Asian markets took a tumble following the nearly 1,200-point plunge on the Dow Jones industrial average on Monday, but some market watchers said the moves were just a pullback — not a cause for greater concern.
There was no obvious single reason behind the Dow’s Monday declines, which took the 30-stock index below the 25,000 mark, although those falls came on the back of jitters over rising interest rates on Friday. Those declines extended into the Asian trading session, with major indexes recording significant losses on the day.
Still, some investors were optimistic that recent declines would resemble a short-lived correction.
“This was clearly a stock market phenomenon, that has become disconnected from the economy and the macro-environment,” Jeffrey Kleintop, chief global investment strategist at Charles Schwab told CNBC’s “Squawk Box” on Tuesday.
“What we know so far is that clearly, in the volatility markets, there’s been a disconnect, there was an imbalance of orders and that seems to have led to this spiraling down of markets. That doesn’t mean it’s over yet, but these things do tend to correct themselves fairly quickly,” he said, adding that recent declines were “just going” to be a pullback.

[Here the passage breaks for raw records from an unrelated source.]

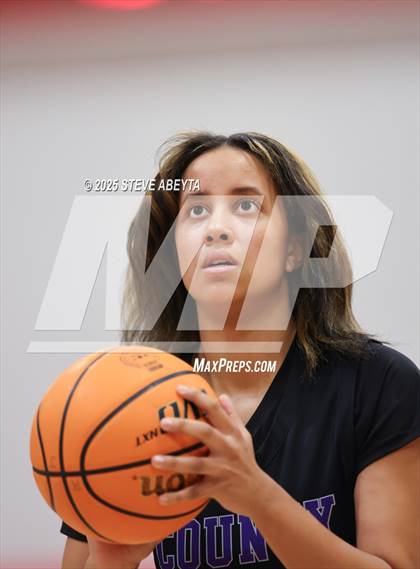 Thumbnail 2 in Douglas County @ Regis Jesuit photogallery.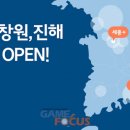 청소연구소 홈클리닝 매니저 이미지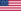 Flag of the United States (Pantone)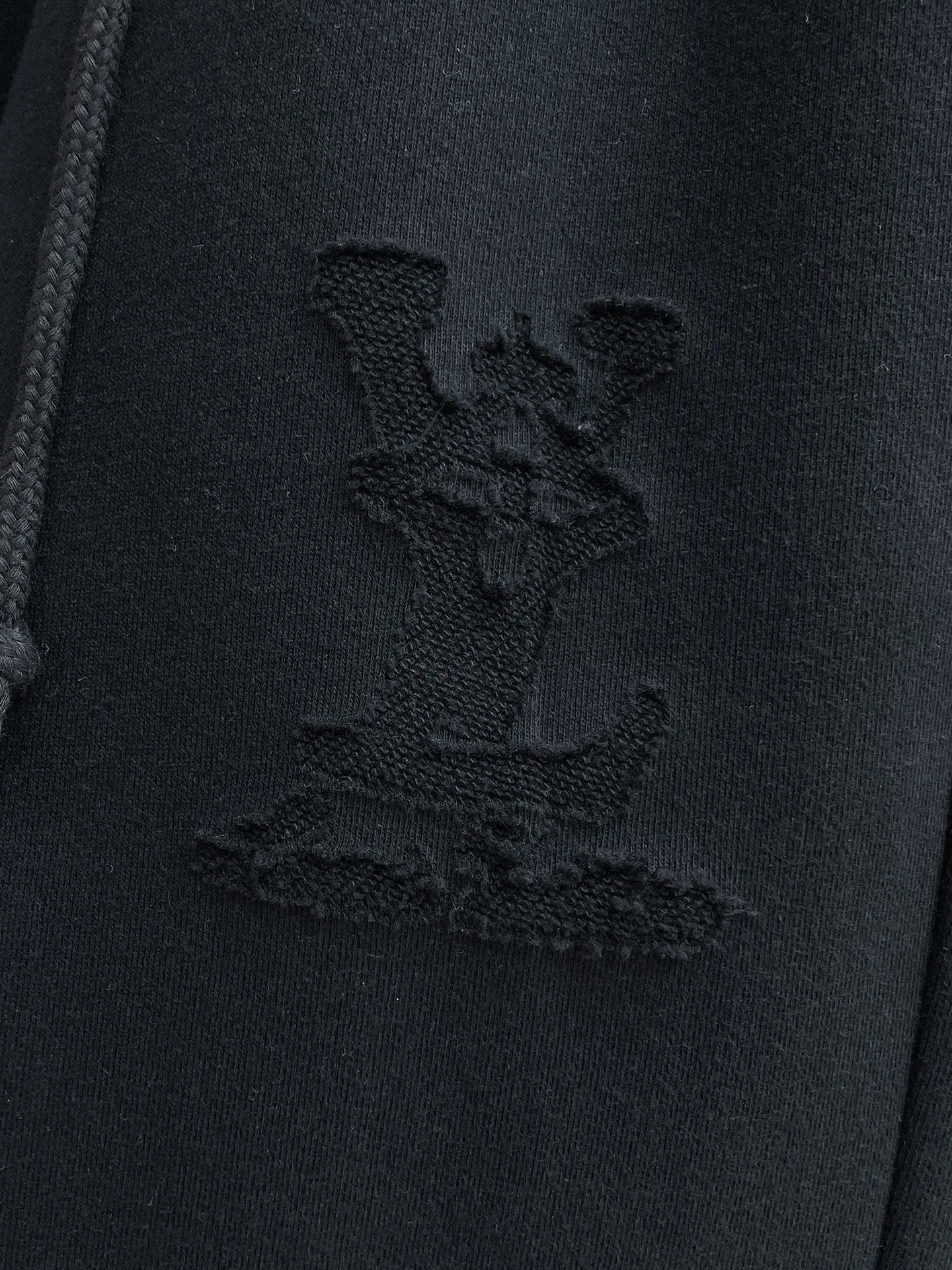 Men's Trousers LOUIS VUITTON 18499567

Suresh Tantia, an investment strategist at Credit Suisse, said the sell-off overnight stateside was driven by algorithms and program selling, highlighting how economic data has remained strong.
“In the next few days, we could see a bit more selling, but this would be a great buying opportunity because nothing has changed fundamentally,” Tantia added.

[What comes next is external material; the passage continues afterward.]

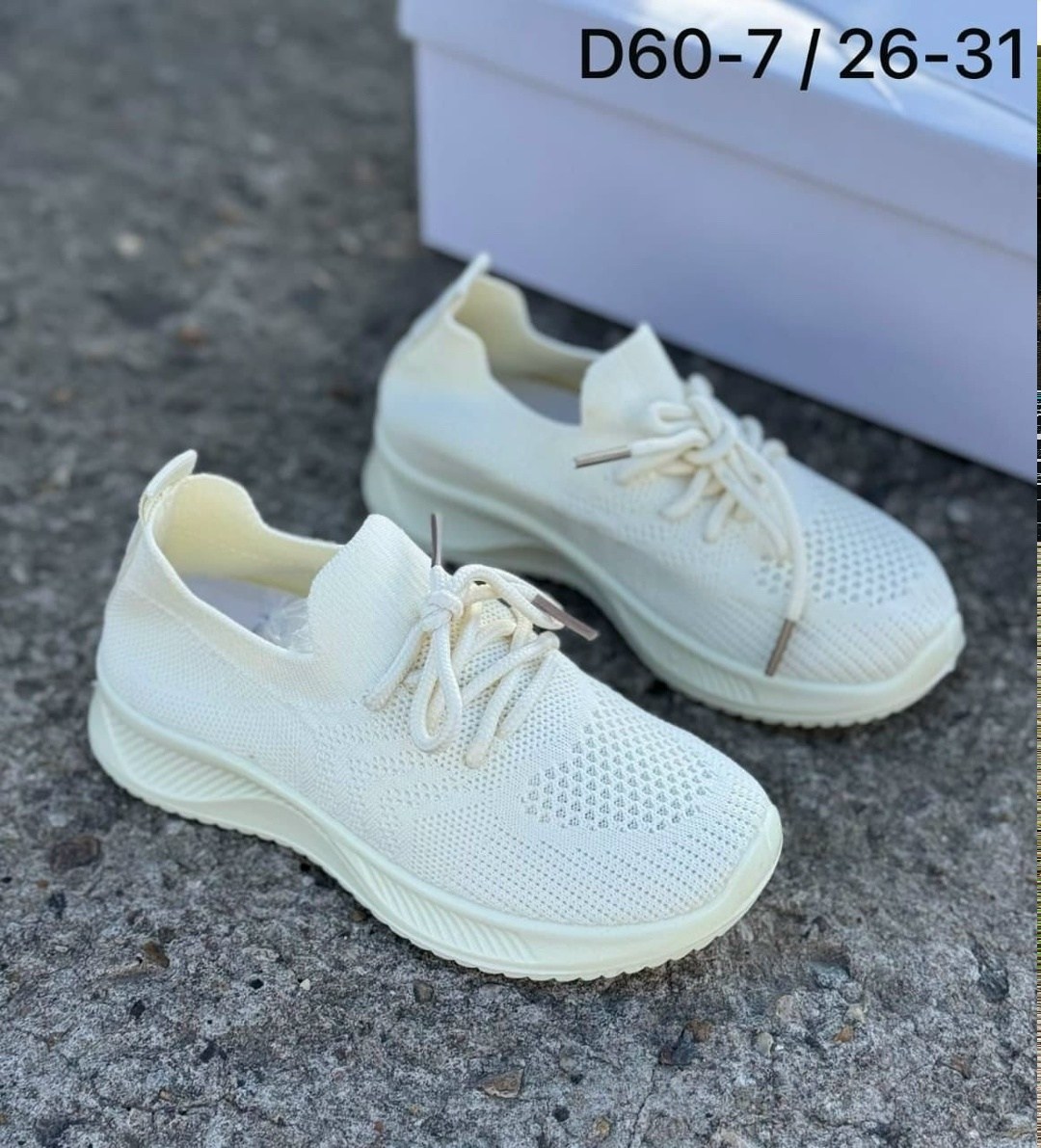 кроссовки детские,кроссовка детская,,кроссовки женскиe,детская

Others sounded more prudent, warning of volatility ahead.
“I actually think there’s still too much complacency,” Tim Seymour, CIO of Triogem Asset Management, told CNBC’s “Squawk Box.”
“I think that there’s a lot of people that think ‘I can buy this dip and everything’s going to be fine’ and certainly for their sake, I hope it will be. I do think that we have some choppiness before we can put in that bounce,” he added.